TASK REQUIREMENTS: How do the lines below between the ones holding "OCG 2 Tier Pull" and "Halloween house background in flat design", inclusive, read? Give them again exactly, with no other lines.

DATA FOR THE TASK:
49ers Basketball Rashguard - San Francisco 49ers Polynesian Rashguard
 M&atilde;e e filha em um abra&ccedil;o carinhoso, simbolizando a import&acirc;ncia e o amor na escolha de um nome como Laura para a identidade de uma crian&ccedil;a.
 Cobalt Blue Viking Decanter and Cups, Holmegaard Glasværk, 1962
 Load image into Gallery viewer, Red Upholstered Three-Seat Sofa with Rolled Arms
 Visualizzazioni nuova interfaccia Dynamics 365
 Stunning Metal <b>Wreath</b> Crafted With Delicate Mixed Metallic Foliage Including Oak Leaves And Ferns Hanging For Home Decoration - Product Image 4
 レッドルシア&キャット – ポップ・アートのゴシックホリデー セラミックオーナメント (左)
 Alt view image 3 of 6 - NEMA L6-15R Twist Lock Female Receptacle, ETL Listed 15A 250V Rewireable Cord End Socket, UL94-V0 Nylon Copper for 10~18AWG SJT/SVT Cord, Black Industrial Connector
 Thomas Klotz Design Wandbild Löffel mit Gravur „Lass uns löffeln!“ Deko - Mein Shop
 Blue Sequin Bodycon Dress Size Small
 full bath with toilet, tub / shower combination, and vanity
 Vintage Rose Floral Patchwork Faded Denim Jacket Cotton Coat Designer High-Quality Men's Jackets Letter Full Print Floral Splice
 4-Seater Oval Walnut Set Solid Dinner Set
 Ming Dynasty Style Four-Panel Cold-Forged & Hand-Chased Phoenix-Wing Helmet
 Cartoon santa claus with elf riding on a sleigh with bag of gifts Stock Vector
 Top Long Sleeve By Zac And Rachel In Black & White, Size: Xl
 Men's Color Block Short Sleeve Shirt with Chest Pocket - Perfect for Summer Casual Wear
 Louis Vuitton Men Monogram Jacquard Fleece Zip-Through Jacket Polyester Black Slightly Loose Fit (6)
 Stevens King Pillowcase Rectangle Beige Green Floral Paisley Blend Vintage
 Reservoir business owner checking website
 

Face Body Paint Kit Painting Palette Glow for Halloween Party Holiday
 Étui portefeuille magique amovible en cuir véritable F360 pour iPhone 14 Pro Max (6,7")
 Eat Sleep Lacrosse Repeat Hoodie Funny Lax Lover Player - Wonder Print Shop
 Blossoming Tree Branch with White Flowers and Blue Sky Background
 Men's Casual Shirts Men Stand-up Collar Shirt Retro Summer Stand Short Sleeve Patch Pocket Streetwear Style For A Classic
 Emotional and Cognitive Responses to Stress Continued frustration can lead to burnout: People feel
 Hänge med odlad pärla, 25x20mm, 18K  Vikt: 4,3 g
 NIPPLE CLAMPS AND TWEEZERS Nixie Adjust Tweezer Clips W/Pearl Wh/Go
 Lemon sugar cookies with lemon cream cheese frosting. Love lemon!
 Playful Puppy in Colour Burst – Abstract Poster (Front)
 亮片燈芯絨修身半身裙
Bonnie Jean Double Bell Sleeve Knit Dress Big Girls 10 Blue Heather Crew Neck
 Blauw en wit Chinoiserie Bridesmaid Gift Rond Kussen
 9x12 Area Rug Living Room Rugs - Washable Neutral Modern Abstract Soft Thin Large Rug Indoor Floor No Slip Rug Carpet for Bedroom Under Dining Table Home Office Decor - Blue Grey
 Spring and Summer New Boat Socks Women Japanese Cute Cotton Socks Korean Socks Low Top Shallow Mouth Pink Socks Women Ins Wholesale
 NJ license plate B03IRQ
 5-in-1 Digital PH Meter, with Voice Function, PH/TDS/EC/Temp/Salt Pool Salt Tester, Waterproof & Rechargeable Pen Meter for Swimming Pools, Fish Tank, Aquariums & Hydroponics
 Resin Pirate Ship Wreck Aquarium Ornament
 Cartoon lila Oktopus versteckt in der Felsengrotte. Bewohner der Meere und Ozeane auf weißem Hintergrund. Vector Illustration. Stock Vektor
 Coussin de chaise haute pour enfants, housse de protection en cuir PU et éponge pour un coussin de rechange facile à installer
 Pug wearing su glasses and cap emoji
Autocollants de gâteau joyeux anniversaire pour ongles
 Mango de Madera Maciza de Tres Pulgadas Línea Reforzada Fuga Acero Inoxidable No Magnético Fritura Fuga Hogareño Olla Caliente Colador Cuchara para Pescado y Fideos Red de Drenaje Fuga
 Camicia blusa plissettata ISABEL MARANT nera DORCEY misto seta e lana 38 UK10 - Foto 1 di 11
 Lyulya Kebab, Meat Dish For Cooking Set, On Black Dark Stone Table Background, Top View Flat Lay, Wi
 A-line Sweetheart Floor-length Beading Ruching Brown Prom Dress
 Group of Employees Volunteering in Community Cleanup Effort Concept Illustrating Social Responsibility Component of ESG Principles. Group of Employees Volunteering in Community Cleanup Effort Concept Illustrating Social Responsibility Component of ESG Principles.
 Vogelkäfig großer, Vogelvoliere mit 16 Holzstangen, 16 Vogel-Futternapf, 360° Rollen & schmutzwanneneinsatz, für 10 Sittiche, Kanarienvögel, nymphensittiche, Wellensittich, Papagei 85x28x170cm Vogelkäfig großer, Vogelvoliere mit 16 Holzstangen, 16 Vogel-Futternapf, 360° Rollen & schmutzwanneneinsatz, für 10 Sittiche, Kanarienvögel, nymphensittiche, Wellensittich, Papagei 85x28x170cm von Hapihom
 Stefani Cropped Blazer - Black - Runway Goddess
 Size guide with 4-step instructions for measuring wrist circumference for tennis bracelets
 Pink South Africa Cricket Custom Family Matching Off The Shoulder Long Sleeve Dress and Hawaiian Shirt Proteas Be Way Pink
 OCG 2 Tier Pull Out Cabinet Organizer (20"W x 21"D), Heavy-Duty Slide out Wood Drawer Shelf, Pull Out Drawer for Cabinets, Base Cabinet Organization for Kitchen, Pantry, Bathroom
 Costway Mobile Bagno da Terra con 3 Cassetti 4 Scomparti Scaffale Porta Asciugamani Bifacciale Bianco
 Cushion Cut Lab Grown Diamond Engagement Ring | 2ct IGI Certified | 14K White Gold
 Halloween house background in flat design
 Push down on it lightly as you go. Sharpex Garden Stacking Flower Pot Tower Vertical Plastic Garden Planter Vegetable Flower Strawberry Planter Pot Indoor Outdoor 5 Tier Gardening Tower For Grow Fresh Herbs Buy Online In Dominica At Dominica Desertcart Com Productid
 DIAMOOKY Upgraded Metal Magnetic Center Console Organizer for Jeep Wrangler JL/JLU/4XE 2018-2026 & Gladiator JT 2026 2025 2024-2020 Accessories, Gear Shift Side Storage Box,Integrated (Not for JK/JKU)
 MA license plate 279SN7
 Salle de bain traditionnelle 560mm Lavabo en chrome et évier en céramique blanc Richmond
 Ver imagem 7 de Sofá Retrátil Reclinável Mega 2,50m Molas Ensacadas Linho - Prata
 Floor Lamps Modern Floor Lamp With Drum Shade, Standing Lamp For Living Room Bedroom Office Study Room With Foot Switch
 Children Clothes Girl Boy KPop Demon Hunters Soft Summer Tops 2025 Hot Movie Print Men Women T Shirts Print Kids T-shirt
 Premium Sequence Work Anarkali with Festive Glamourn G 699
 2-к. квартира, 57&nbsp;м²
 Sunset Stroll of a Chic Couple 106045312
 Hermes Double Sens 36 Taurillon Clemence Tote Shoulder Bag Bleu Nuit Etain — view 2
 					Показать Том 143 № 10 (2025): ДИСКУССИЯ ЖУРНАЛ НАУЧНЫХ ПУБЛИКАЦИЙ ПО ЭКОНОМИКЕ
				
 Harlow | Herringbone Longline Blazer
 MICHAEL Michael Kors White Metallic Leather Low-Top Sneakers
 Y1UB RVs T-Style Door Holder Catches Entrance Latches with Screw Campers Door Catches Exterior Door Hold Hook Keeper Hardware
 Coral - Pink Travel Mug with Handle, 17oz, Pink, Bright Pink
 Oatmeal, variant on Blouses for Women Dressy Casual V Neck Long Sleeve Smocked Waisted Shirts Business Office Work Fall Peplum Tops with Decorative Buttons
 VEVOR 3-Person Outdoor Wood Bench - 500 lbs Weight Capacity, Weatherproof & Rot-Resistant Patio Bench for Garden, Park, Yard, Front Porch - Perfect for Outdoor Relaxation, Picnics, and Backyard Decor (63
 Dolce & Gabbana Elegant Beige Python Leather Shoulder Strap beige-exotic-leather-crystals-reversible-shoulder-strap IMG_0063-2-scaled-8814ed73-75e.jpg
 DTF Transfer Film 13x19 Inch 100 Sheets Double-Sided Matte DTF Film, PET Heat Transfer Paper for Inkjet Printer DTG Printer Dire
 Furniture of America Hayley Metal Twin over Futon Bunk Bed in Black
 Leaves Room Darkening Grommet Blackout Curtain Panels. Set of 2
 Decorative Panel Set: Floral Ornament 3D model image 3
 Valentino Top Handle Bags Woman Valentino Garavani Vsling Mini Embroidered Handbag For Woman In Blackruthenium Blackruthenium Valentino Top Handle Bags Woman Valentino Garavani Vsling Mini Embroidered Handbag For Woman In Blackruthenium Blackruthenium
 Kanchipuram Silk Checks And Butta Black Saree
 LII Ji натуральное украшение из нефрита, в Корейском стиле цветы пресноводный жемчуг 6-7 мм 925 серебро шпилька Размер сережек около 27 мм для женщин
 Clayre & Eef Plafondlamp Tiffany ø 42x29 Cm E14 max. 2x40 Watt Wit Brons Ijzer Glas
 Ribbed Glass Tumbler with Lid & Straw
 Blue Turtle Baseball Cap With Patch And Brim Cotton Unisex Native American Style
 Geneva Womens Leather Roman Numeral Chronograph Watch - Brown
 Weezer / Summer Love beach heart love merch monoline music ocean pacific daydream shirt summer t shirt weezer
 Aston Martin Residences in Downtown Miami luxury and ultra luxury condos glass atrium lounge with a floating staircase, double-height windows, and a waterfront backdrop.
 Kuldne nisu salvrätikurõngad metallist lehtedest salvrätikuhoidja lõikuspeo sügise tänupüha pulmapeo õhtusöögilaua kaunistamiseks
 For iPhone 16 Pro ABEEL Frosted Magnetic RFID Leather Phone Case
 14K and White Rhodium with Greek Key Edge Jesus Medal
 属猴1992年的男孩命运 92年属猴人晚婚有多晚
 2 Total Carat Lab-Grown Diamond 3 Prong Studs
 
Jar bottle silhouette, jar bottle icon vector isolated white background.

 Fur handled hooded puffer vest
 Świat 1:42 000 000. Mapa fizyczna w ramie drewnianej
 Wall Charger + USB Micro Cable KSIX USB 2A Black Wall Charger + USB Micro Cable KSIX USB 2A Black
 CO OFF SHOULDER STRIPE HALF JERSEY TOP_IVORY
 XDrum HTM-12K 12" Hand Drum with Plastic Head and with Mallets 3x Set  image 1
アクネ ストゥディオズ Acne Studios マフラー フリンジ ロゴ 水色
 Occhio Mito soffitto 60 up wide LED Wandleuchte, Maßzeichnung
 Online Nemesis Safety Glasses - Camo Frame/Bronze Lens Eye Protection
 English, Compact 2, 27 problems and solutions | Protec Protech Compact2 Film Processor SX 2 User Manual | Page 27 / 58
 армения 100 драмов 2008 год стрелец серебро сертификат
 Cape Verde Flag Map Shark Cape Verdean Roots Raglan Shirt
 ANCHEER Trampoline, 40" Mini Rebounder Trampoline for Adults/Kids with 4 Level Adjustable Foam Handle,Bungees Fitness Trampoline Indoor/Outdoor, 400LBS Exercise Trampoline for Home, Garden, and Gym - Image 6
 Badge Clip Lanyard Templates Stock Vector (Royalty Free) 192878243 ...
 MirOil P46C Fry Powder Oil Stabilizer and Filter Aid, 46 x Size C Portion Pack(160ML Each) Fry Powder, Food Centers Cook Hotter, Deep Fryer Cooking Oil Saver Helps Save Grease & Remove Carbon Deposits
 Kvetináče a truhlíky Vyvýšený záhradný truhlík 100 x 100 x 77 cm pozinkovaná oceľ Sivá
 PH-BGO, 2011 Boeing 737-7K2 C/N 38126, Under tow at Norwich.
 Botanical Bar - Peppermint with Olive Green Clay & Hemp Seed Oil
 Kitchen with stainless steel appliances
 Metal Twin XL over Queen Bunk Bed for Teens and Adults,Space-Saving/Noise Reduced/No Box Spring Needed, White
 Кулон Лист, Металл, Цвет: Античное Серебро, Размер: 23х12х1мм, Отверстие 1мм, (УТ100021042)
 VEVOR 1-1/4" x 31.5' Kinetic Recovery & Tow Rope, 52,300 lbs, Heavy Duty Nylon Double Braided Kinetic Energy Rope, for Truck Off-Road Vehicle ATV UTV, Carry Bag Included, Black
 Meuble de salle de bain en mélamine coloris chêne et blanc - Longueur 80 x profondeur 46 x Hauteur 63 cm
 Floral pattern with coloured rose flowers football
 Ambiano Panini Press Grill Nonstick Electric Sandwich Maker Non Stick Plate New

COMPLETED TASK:
 OCG 2 Tier Pull Out Cabinet Organizer (20"W x 21"D), Heavy-Duty Slide out Wood Drawer Shelf, Pull Out Drawer for Cabinets, Base Cabinet Organization for Kitchen, Pantry, Bathroom
 Costway Mobile Bagno da Terra con 3 Cassetti 4 Scomparti Scaffale Porta Asciugamani Bifacciale Bianco
 Cushion Cut Lab Grown Diamond Engagement Ring | 2ct IGI Certified | 14K White Gold
 Halloween house background in flat design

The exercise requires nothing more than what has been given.